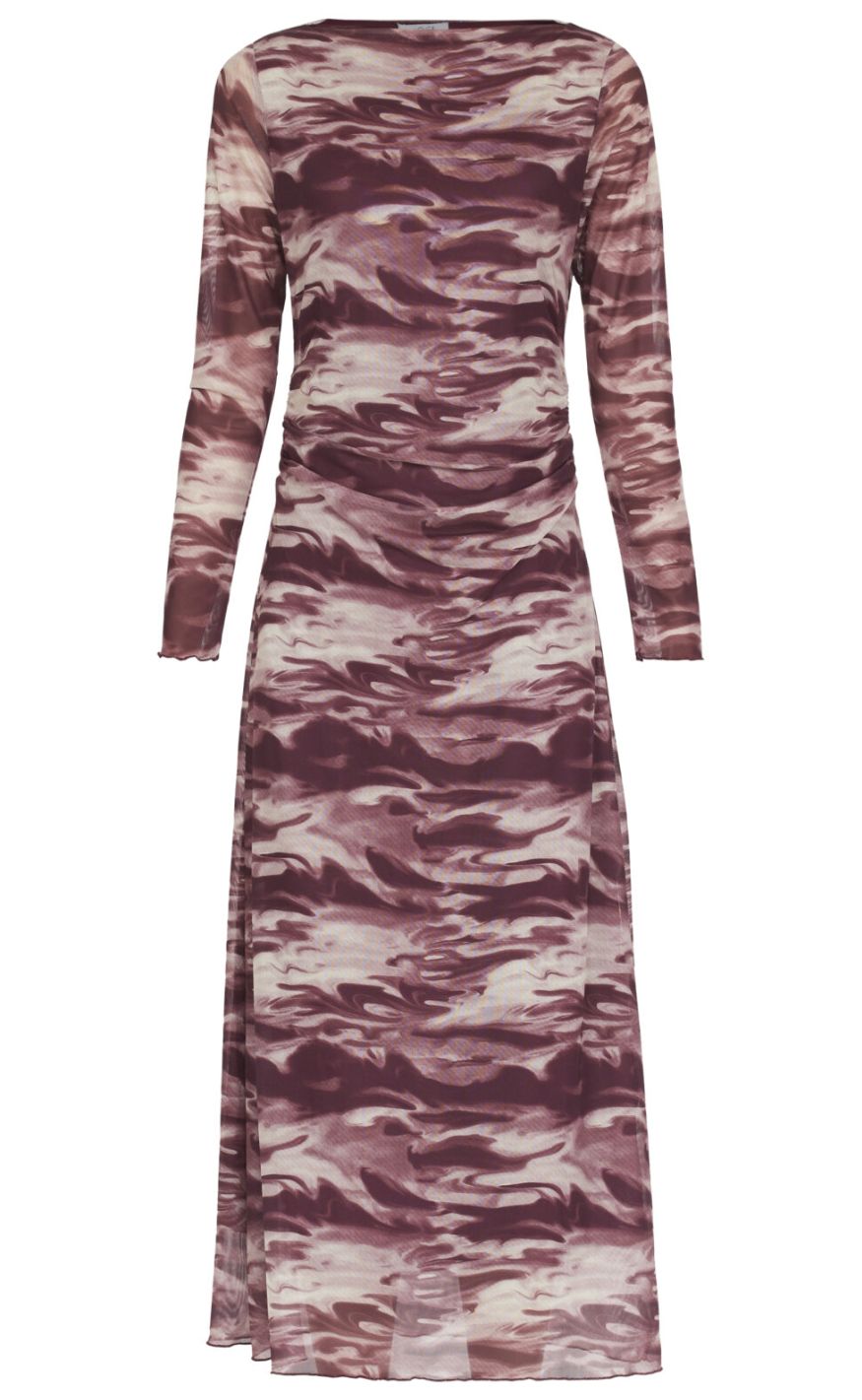 Love Divine Kjole Love1198 Bordeaux Wave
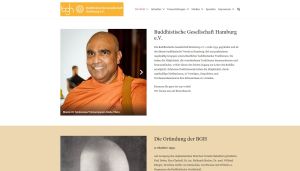 Bild von Buddhistische Gesellschaft Hamburg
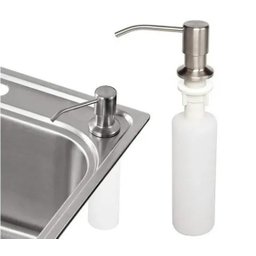 Dosador Dispenser Detergente Sabonete para Cuba Inox Bancada - 2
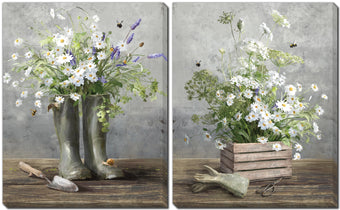 compare product Cottage Gardening Set of 2
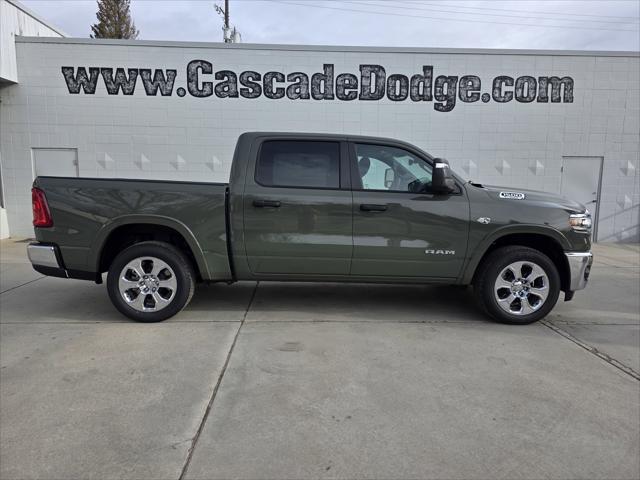 2026 RAM Ram 1500 RAM 1500 BIG HORN CREW CAB 4X4 57 BOX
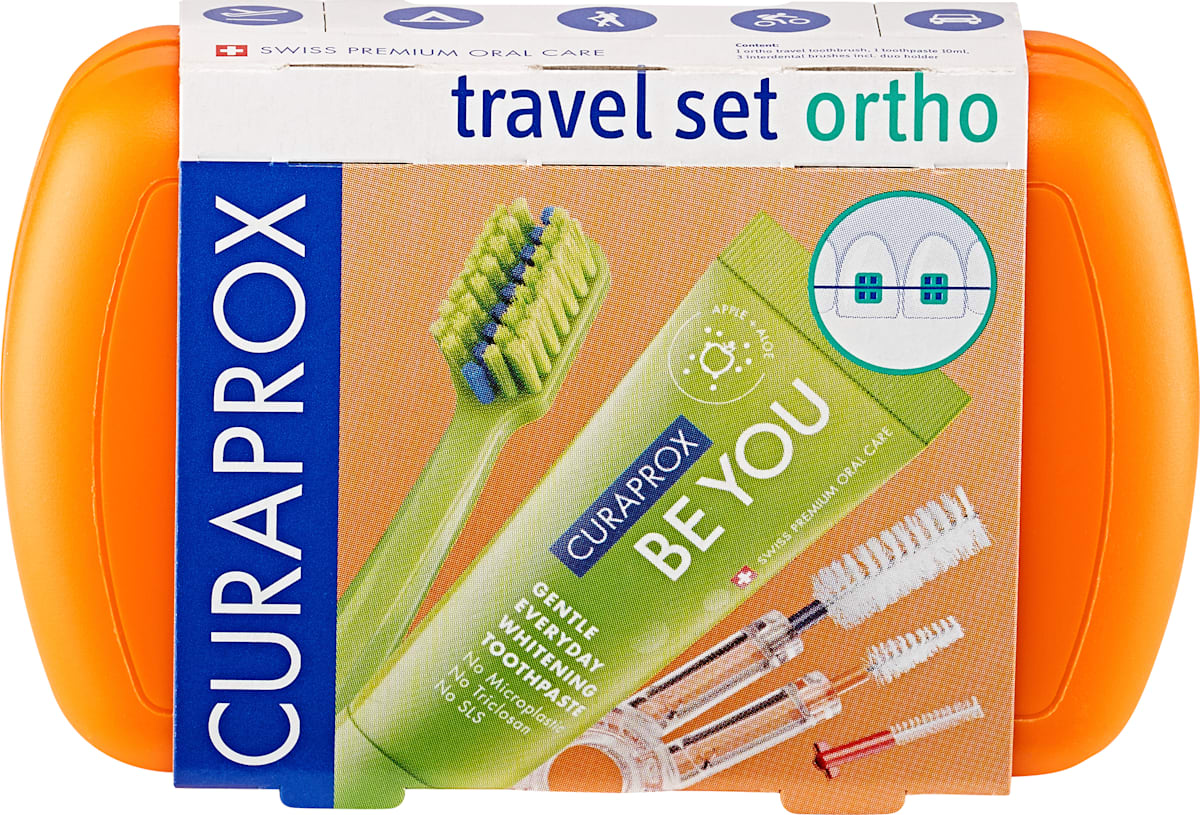 CURAPROX Potovalni set Ortho, več različic, 1 kos | dm.si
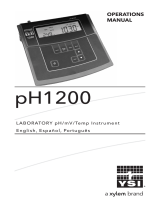YSI 601204-pH1200 El manual del propietario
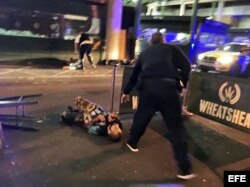 Al menos 7 personas murieron en el ataque terrorista en el puente de Londres.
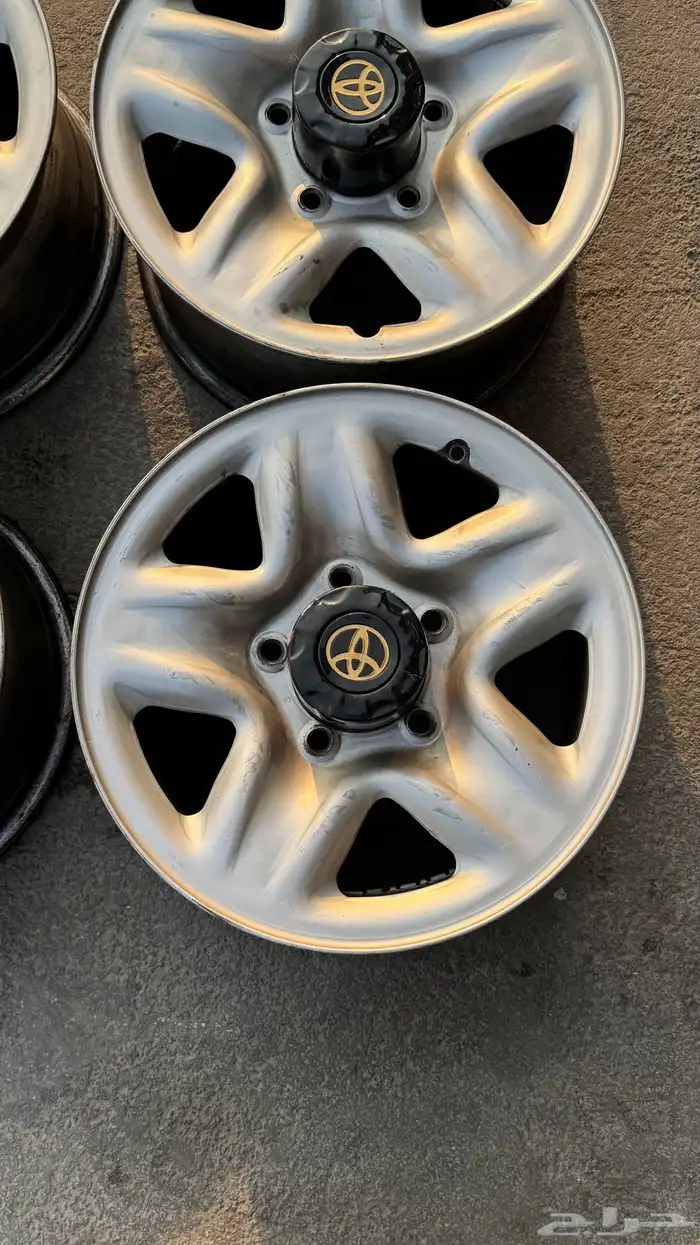 جنوط ديازل لاندكروزر اصلي 17x8 1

________________________________________

> **Task instructions**:
Take the lines above from the top of the records through the one with "YSI 601204-pH1200 El manual del propietario" and repeat them exactly, without any pictures.

> **Task output**:
 Love Divine Kjole Love1198 Bordeaux Wave
 Bild von Buddhistische Gesellschaft Hamburg
 Dosador Dispenser Detergente Sabonete para Cuba Inox Bancada - 2
 compare product Cottage Gardening Set of 2
 2026 RAM Ram 1500 RAM 1500 BIG HORN CREW CAB 4X4 57 BOX
 CURAPROX Potovalni set Ortho, več različic, 1 kos | dm.si
YSI 601204-pH1200 El manual del propietario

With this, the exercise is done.